He sighed, but the curl of his mouth told her everything as he pushed up the sleeves of his hoodie and headed toward the sink.
Holly skipped over to join him.
It looked like neither of them would be lonely this Christmas.
Lily sat on the floor, slouching as she tried to hide her face from the top of the bed. Her plush animals were lined against the wall like a firing squad, eyeing her with all-knowing stares. Outside the window, she saw snow falling so densely it resembled a white curtain.
It was all her fault.
She knew it was the truth, but hearing it made her shiver. She grabbed her sister’s oversized cardigan and threw it on, taking a deep breath of the lingering vanilla sugar perfume. She always thought the cardigan looked like a fluffy, blue wizard’s robe on her, and it usually made her feel all-powerful. The magic wasn’t working today, though. The plushies still glared at her. Lily had to leave.
She creaked open the door and peeked out. Lena was slouched on the couch, staring out the window with a melancholy expression. She had the phone to her ear, and she was nodding slowly.
“Yeah, I know,” Lena said with a sigh. “There’s too much snow, and I’m pretty sure I couldn’t even find the car in this weather, let alone drive all the way to Grandma’s… Yeah, no, we were supposed to leave this morning, so I didn’t get any food or anything… There’s like nothing in the fridge… I don’t know.”
Lena’s voice turned to frustration. It was rare that Lily heard it, and it was never directed at her. Of course, that would change as soon as Lena realized it was all Lily’s fault.
A sigh escaped Lily’s mouth, and Lena immediately looked over. Her eyes widened slightly, and then she covered her face with a cheery smile.
“Lemme call you back,” she said quickly, and hung up the phone. “Hey, Lil, what’s wrong?”
“Nothing,” Lily said immediately.
“Are you hungry?” Lena asked, getting off the couch. “We… um… well, Amber’s coming over later with some food, but if you’re hungry now, we can ask some of the neighbors to share. Oh! Holly’s probably got enough Christmas cookies to feed an army. Why don’t we go talk to her?”
Lena didn’t know this, but she was an accidental genius. If anyone knew how to fix Lily’s mistake, it’d be Holly, she realized. She was an expert on all things Christmas.
“I’ll go by myself!” she said quickly.
Lena raised a brow, her Mom side showing.
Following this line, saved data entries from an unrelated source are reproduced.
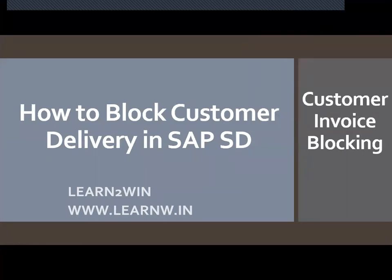Hello everybody, Swaminath here. Today we are going to see how to block customer delivery in SAP S/4 HANA.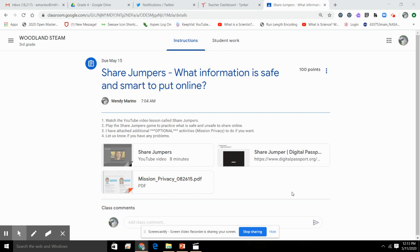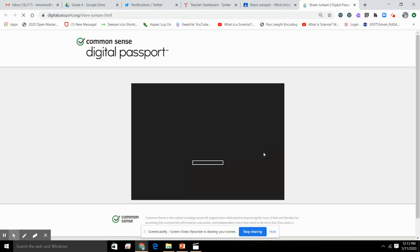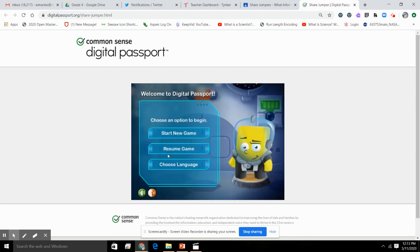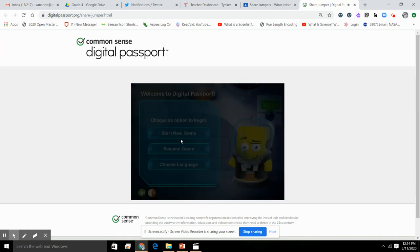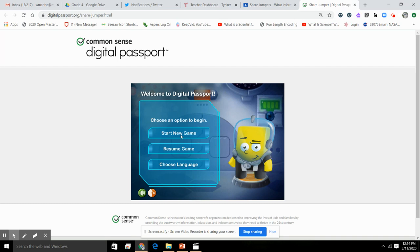From the assignment in Google Classroom, you click on the link and it opens up the game. Down below here you'll see the option to choose language. I'm not sure why it's defaulting to Spanish — I've never seen that. But in any event, if you just click on language and click on English, you should be all set to start the game.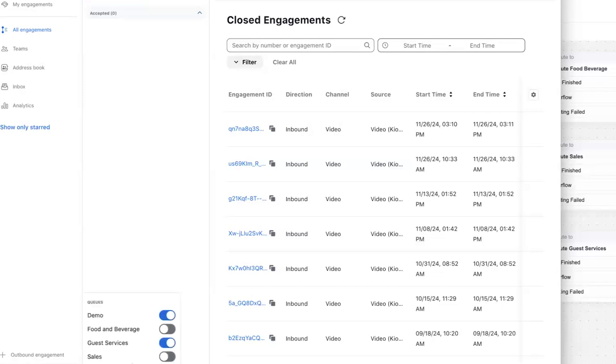So what we're doing is we're routing a call to these specific queues for all the people that are in the queue for those that are online already. And then we would ring them in a video first situation.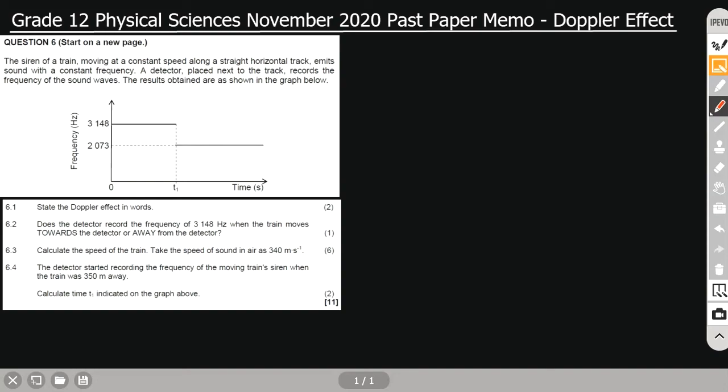Hello everyone and welcome to Login Science. This is your friend Gil. In today's video I'm going to solve a problem on Doppler effect. This is a question from the November 2020 past paper.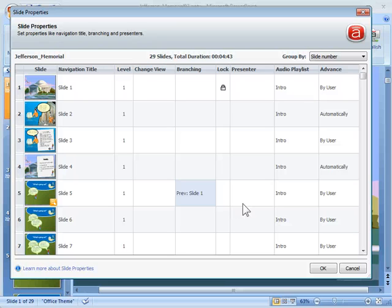In the next screencast I'll show you how to disable all the navigation and just use PowerPoint's hyperlinking.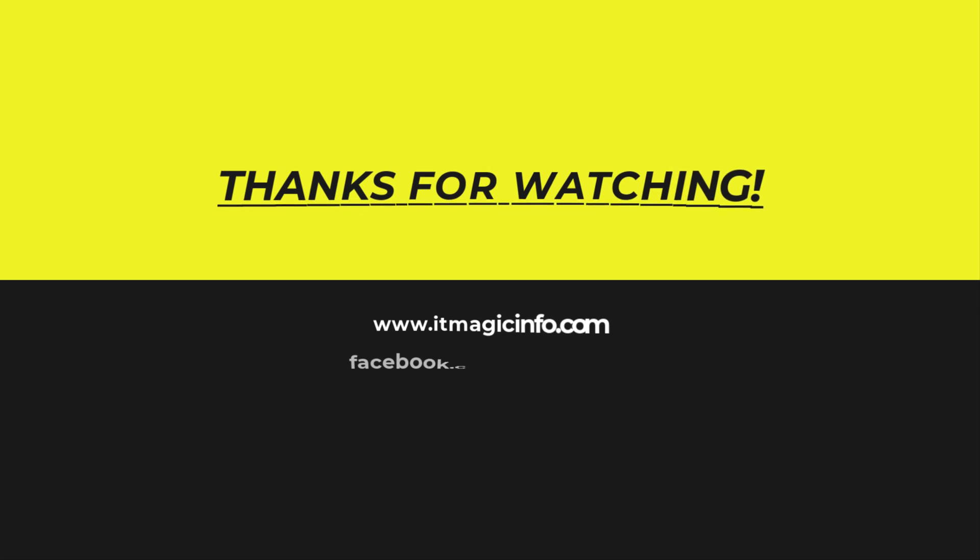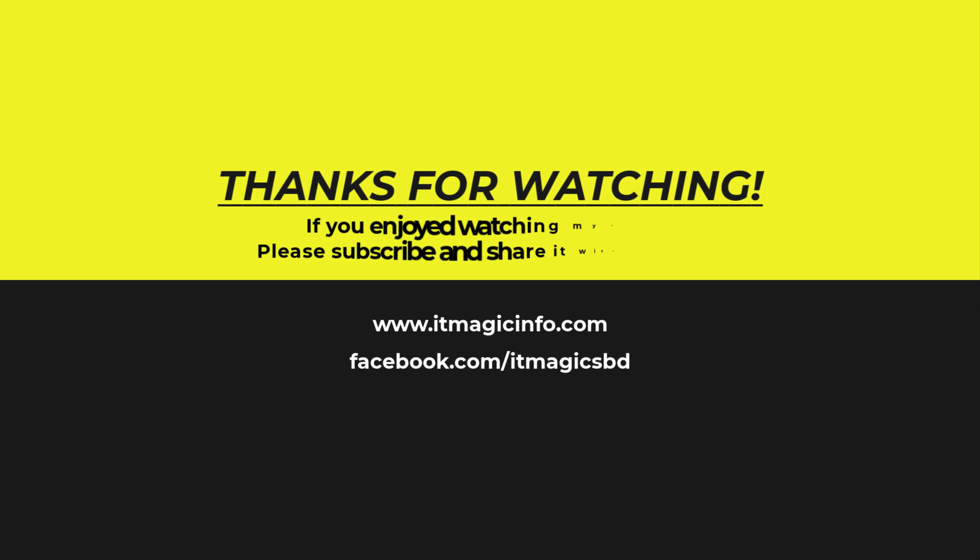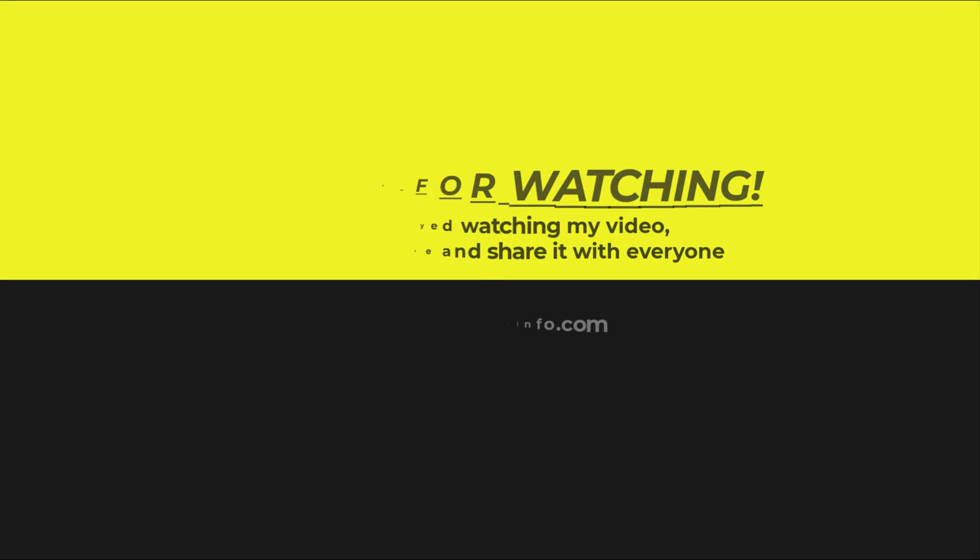Thanks for watching. If you enjoyed watching my video, please subscribe and share it with everyone.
“I promise not to get kidnapped stepping into the hall by myself,” Lily added, raising her hand like she was making a vow. “C’mon, Lena, I’m eight. I can go outside without a babysitter.”
The lights flickered and shut off. Lily screamed.
He found me, she thought, falling to the floor.
“It’s ok, Lily,” Lena said, kneeling next to her. “The power probably just went out.” She placed a hand on Lily. “You’re shaking.”
“It’s Santa,” Lily whispered with a wide-eyed stare at the ceiling. “He’s coming.”
“He doesn’t come until nighttime,” Lena replied with a chuckle. “When everyone is asleep.”
So he’s waiting until Lena can’t protect me, Lily thought.
Things were more serious than she initially thought. She had to talk to Holly and fast. She jumped up and ran to the door before Lena used the power outage to keep her inside.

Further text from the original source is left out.